Users of many private blockchains can collaborate with banks and other financial organizations. As a result, technology is more usable and accessible.

No Illegal Behavior

Private blockchains’ ability to limit criminal activity—which is prevalent for cryptocurrencies like Bitcoin—is one of its most significant advantages. Private blockchains are quite choosy. This implies that the platform can only be accessed by authorized users. This reduces criminal activity.

Empowering Businesses

Typically, the private network is utilized to empower businesses. A reliable blockchain consulting firm places greater emphasis on the success of the company as a whole than on specific employees. It is clear that such a strategy boosts a business’s overall growth and raises revenues. Additionally, it can be utilized to create business blockchain platforms.

Increased Security

Private blockchains are permissioned, meaning users must have authorization to join and use these networks. It lessens the chance of disclosing sensitive information to the public.

Lower Operating Expenses

Working directly with other firms without the use of an intermediary is made feasible by private blockchains, which considerably lowers expenses.


On the private blockchain, both people and organizations may view everything. You can also make some users, like patients, anonymous if your business model permits.

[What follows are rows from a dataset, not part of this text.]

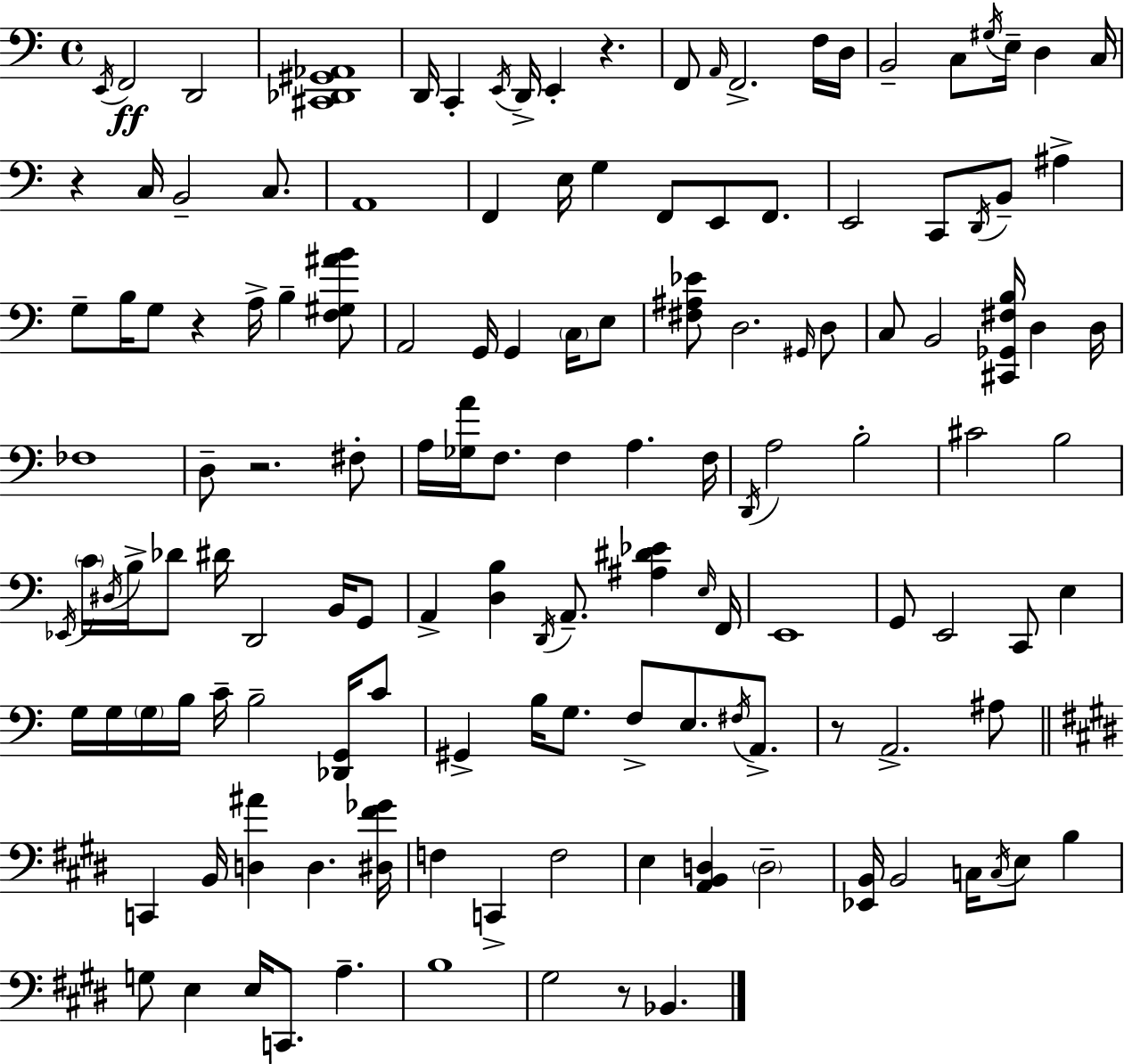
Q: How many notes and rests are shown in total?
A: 138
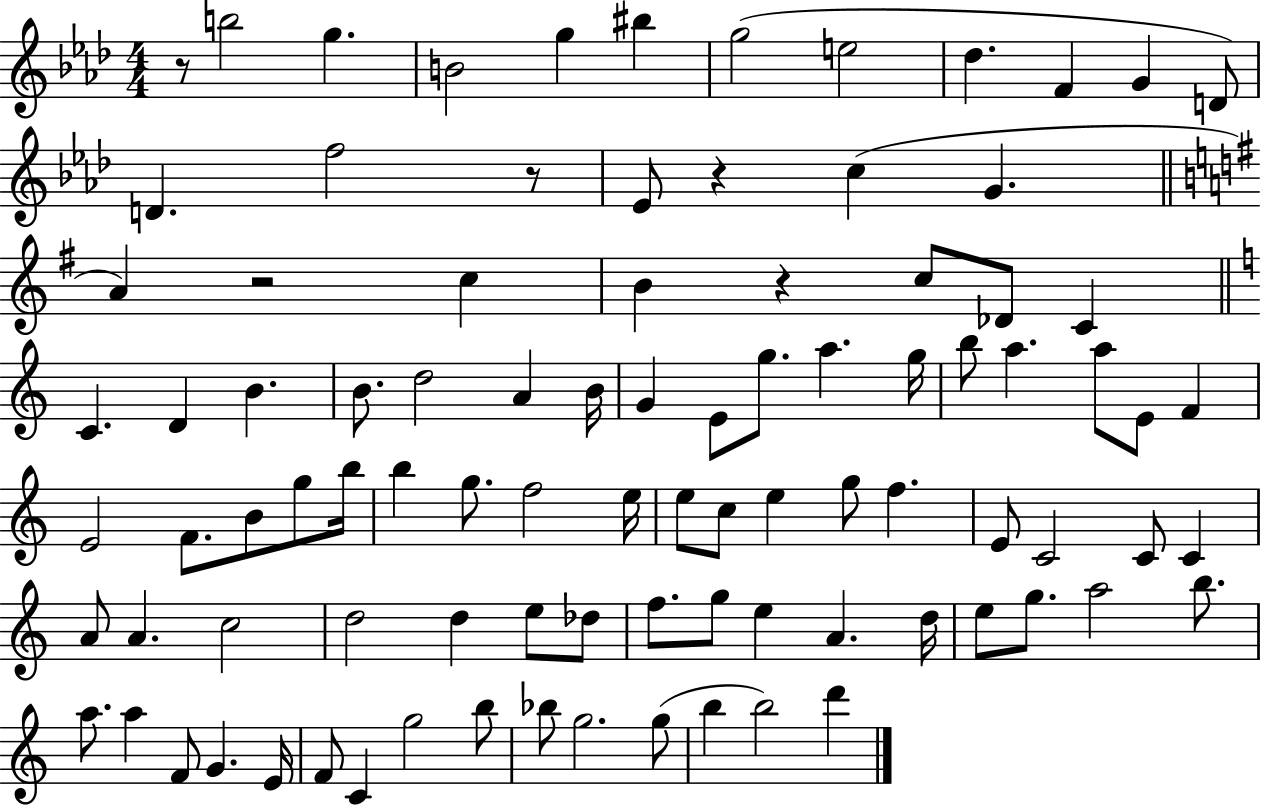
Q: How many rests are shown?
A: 5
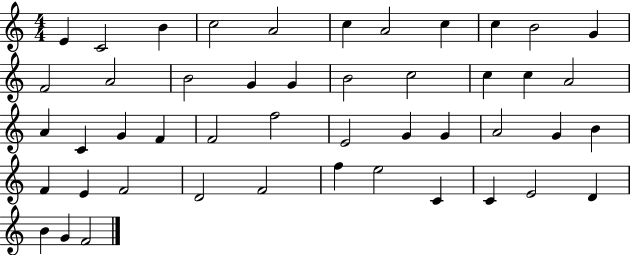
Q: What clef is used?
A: treble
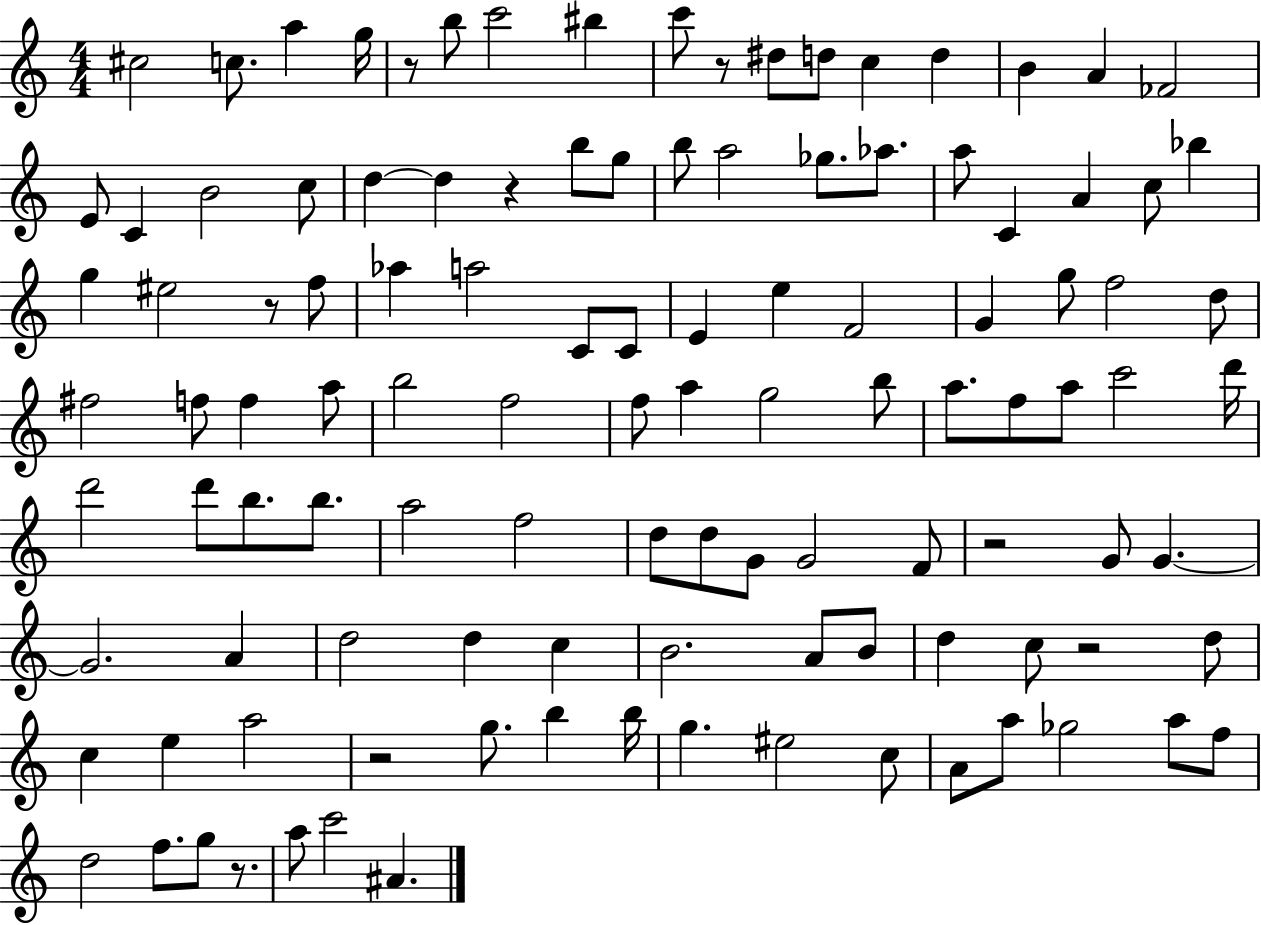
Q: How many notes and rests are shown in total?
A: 113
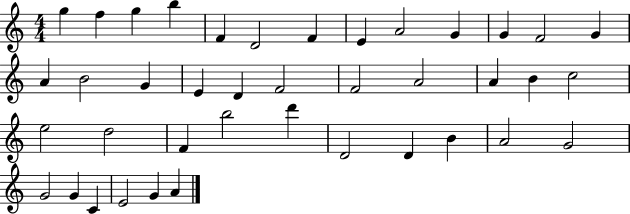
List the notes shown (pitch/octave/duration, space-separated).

Data Integrity and Performance

Depending on how many transactions are being processed at once and how much each user is willing to pay, blockchain transactions can take up to 30 minutes or even several hours. Concerning private blockchains:

  • The guidelines for transaction fees, if any, are up to you.
  • Transactions can be completed more quickly and at a lesser cost with fewer participants.
  • Dynamic data integrity

A public blockchain makes it nearly hard for someone to alter data without controlling 51% of the nodes. Private blockchains can be altered, nevertheless, by giving all members the means to consent to a change or by introducing logic to their behavior. This makes it possible to change data and alter a blockchain’s logic.

Bottom Line

Because they may be utilized in a variety of industries, including retail, insurance, healthcare, financial services, and more, private blockchains are in demand. They provide businesses very secure, scalable, and reliable database services. Private blockchains give companies a clear perspective of flaws and aid in reducing waste since they give them a better understanding of their supply chain. More significantly, the organization is the only party with access to these facts. Additionally, they require less management because they have a smaller network with fewer users and less downtime. Additionally simple in a private blockchain ecosystem is compliance management. In general, private blockchains effectively support the growth and scaling of businesses.